Tree forts: the wonderful dreamlike weavings of Patrick Dougherty

31 July 2012

North Carolina-based sculptor Patrick Dougherty weaves dreamlike sculptures out of woods, twigs, vines, and any such natural tree-derived materials available to him. The textural density and wavering structural curves tilt towards the surreal, with the sparseness of materials and shadowy window-cavities evoking the ruins of lost phantom civilisations, their dwellings mysterious and occasionally frozen in a fictional wind. On another level, their warping appearance makes them like animated houses – I’m reminded of the fortresses in The Supermario Bros, and there are playful architectural references in the construction of onion-domes, arches, and spires that remind us of the mimicery involved in building playhouses.

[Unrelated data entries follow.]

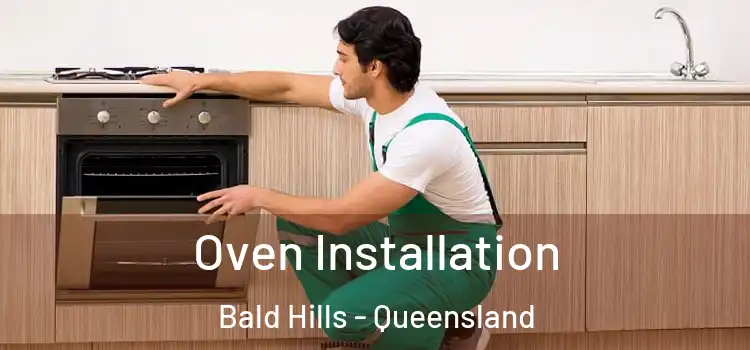 Oven Installation Bald Hills - Queensland
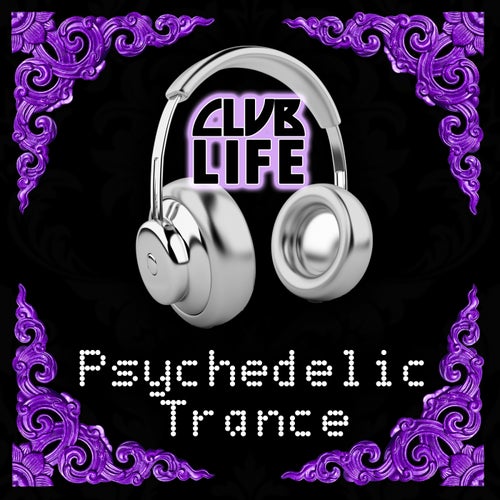 ClubLife - Psychedelic Trance DJ Mix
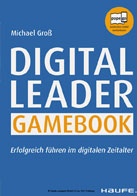 Digital Leader Gamebook - Erfolgreich führen im digitalen Zeitalter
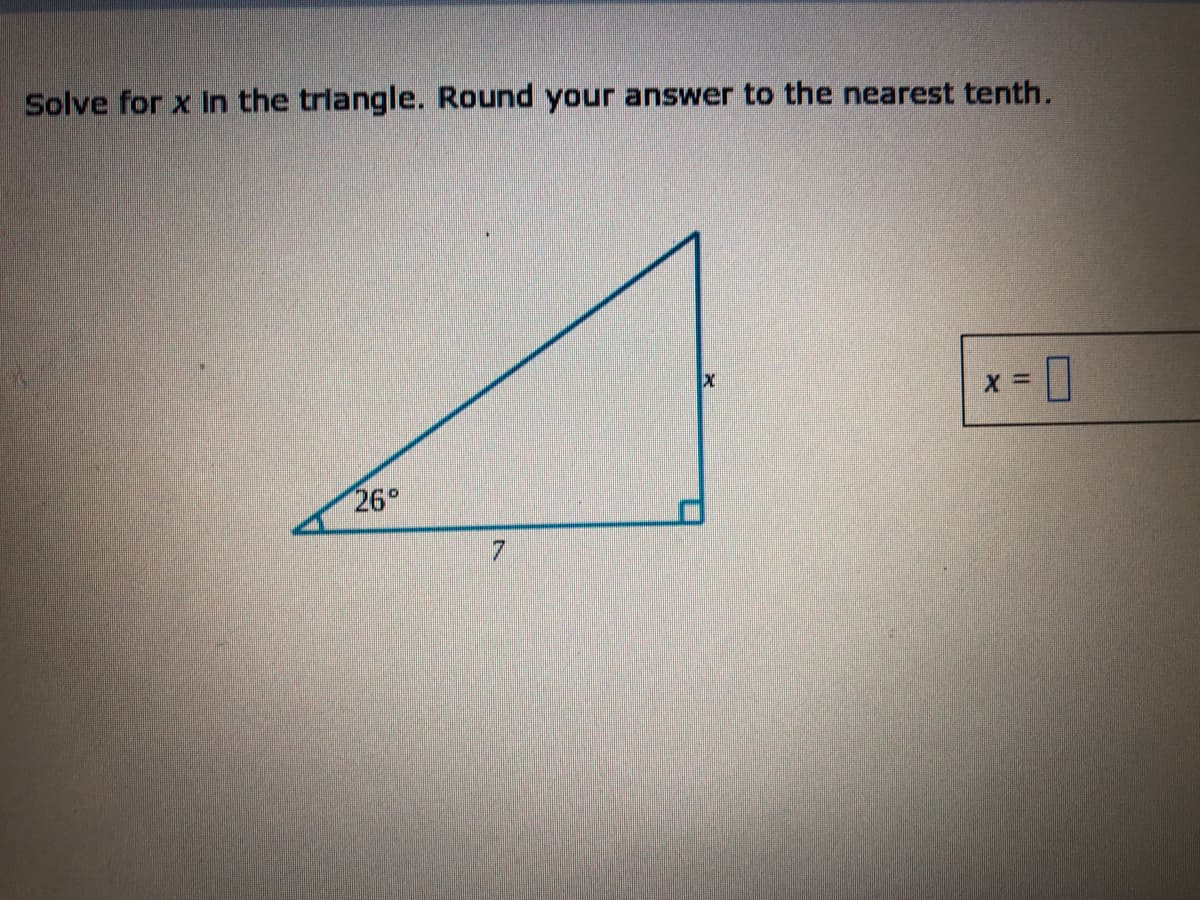 Solve for x In the trlangle. Round your answer to the nearest tenth.
26°
7.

Dougherty was working for the U.S. Air Force when he built his own family house at the age of 28, and when he proceeded to complete a graduate degree in Fine Art eight years later, began to produce tangled sculptures made of branches. His continued use of these materials merely emphasises the range of subject-matter; apart from architectural-looking projects in various shapes and sizes, he has produced tree-swirls reminiscent of Stefan Sagmeister’s typographical experiments, and a series of giant jugs. Startling stuff.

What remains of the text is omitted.